You need to listen to selected highlights from one or two of the eight scores Desplat does per year, it sounds like.

 
 
 Posted:   Sep 5, 2018 - 8:31 AM   
 By:   Thor   (Member)

Yes, we do seem to have a fundamentally different way of looking at this, b&r. But that's OK. It's about a general ideology and approach to soundtracks, and we come from rather different places here.

While it's true that film music needs to be 'manipulative' in one way or the other, it can achieve that in many different ways; to some people (like me), a beautiful Max Richter score -- within romantic post-minimalism -- like, say, THE LEFTOVERS, has a far, far greater effect than syrupy schlock like Mark McKenzie's MAX & ME.

I've always been a proponent of judging a thing on its own terms, and not pull my own preferences over everything, like a sweater that is too tight (as in "big orchestral music is the best thing ever, and I want every single score to sound like that, even if it's not appropriate for the film"). That way, I can get immense pleasure from a conventional orchestral score on day, a hardhitting electronic score the next and an abstract, ambient score the third. Etc.

 
 Posted:   Sep 5, 2018 - 9:31 AM   
 By:   batman&robin   (Member)

You need to listen to selected highlights from one or two of the eight scores Desplat does per year, it sounds like.

I do, and I think Desplat is an overrated fellow. You won't see him in my favorites list. There are probably only 2 or 3 scores by him I like. He has that exactly same dry aproach, the only difference is he's good with the use of a symphony orchestra.

 
 Posted:   Sep 5, 2018 - 9:46 AM   
 By:   batman&robin   (Member)

Thanks, Thor. So happy to have a civilized conversation here. Just one final comment: I don't think "big orchestral music is the best thing ever, and I want every single score to sound like that, even if it's not appropriate for the film". I would be stupid if I think so. What I do not accept is that every single score today is like the sound of sand dropping from a bag! If we agree diversity is good, then emotionless or unconventional shouldn'd be the ONLY norm, as unfortunately seems to be now.

 
 Posted:   Sep 5, 2018 - 9:51 AM   
 By:   Shaun Rutherford   (Member)

You need to listen to selected highlights from one or two of the eight scores Desplat does per year, it sounds like.

I do, and I think Desplat is an overrated fellow. You won' t see him in my favorites list. There are probably only 2 or 3 scores by him I like. He has that exactly same dry aproach, the only difference is he's good with the use of a symphony orchestra.

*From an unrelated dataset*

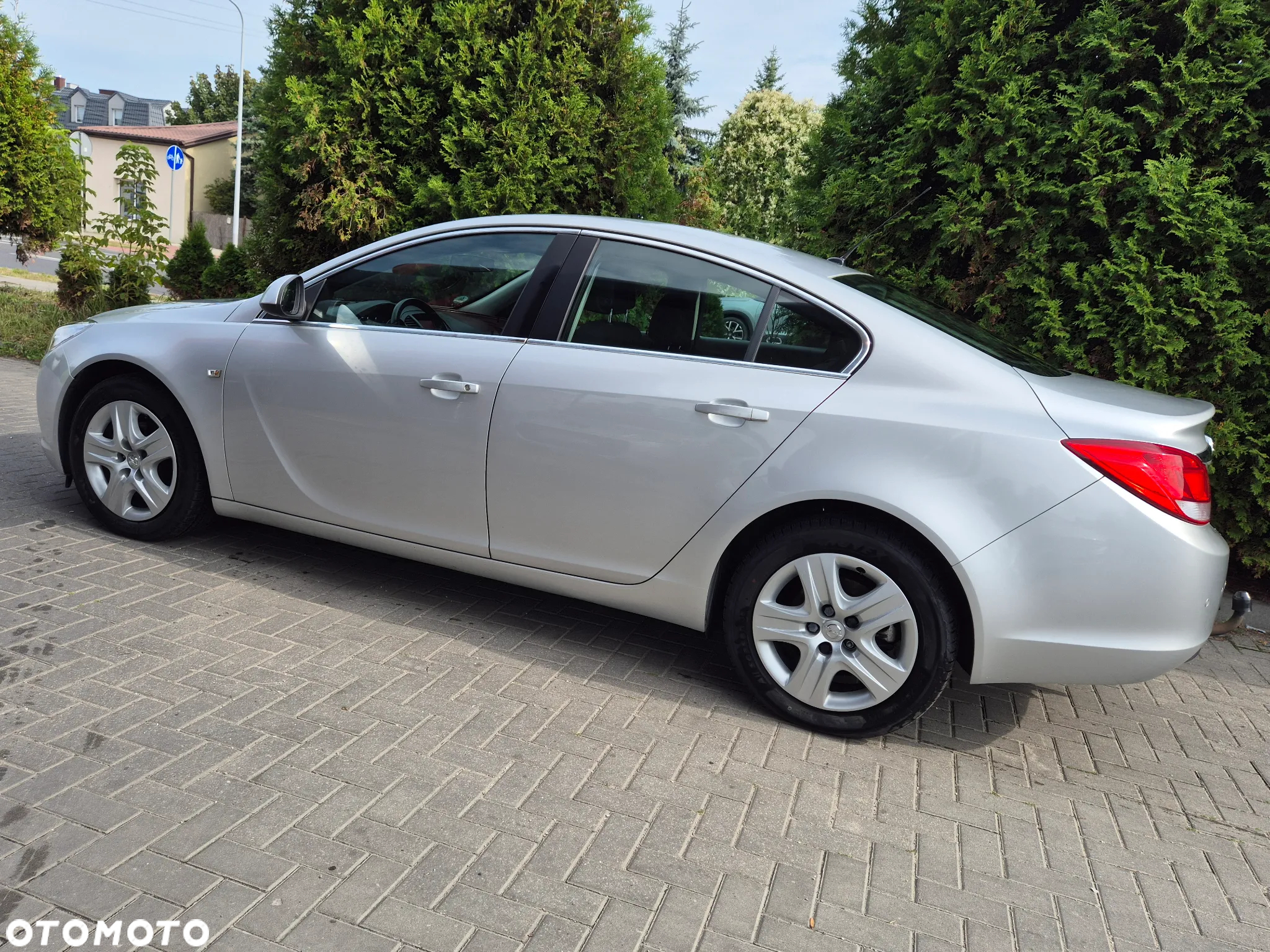 Opel Insignia 1.8 Active - 6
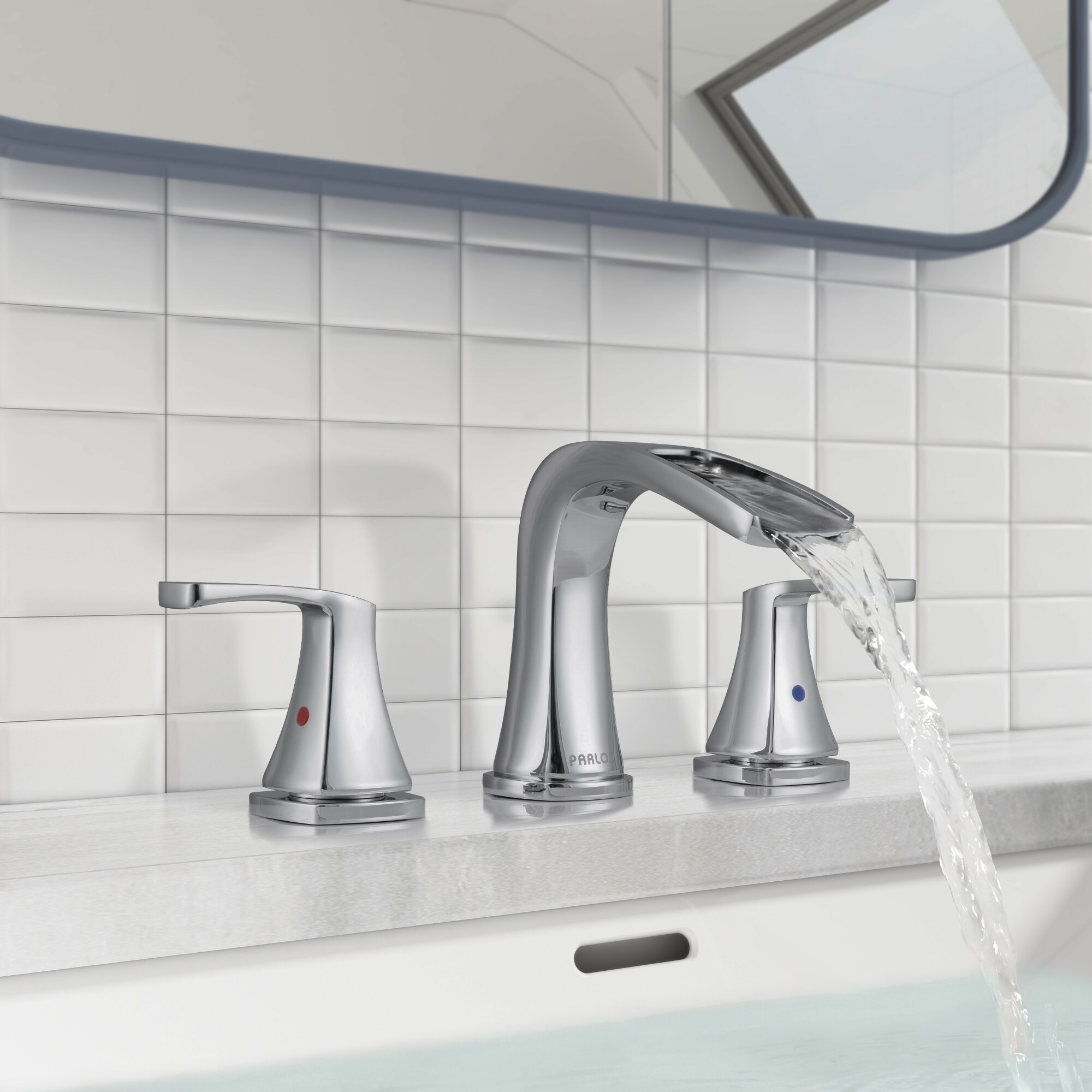 PARLOS 1407001 Lavatory-Faucets - View #3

While I don't think he's wholly successful and works entirely too much, he is an expert melodist, unlike the "from-rock" composers you mentioned. That's why I said selected highlights! Other than the fact that he can't write action music for shit, he's the modern day John Barry, in that his scores are also easily dismissed as "boring" but are often perfect within the films themselves.

 
 Posted:   Sep 5, 2018 - 10:09 AM   
 By:   Sean Nethery   (Member)

The key point is that audiences respond to movies and TV shows with the same range of enjoyment and enthusiasm they have for decades. Ticket sales, streaming numbers, etc. are all the proof we need of this. They can go for movies and TV shows with traditional scores - like the recent Star Wars films - and equally for newer approaches to scoring.

So whatever trad-score fans think about what is happening to movie and TV music, the audience as a whole doesn't seem to much care. They just can't whistle tunes any more from new favorite franchises.

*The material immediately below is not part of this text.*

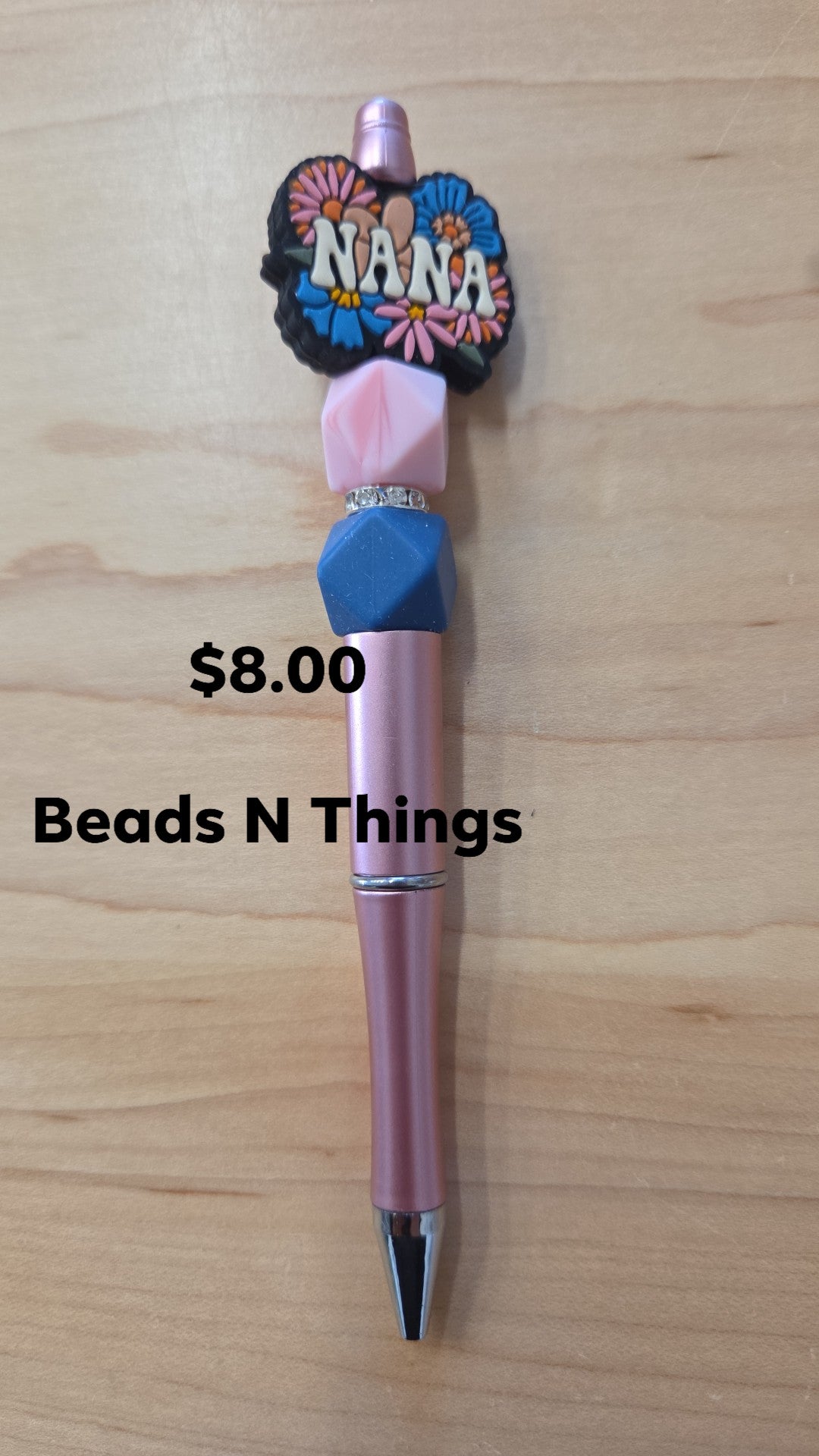 Pen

And there has always been a cadre of film enthusiasts who felt that manipulative scores were themselves mostly destructive of the film-going experience.

Whether and what kind of score a film should have is apparently as subjective as musical taste in general.

(Yes, "trad-score" is my new shorthand for people who prefer highly characterful and melodic film scores. wink)

 
 
 Posted:   Sep 5, 2018 - 10:43 AM   
 By:   Thor   (Member)

Not sure why Desplat was brought into this. He's about the most boring composer I can think of, and doesn't even reach the aforementioned composers to the ankles.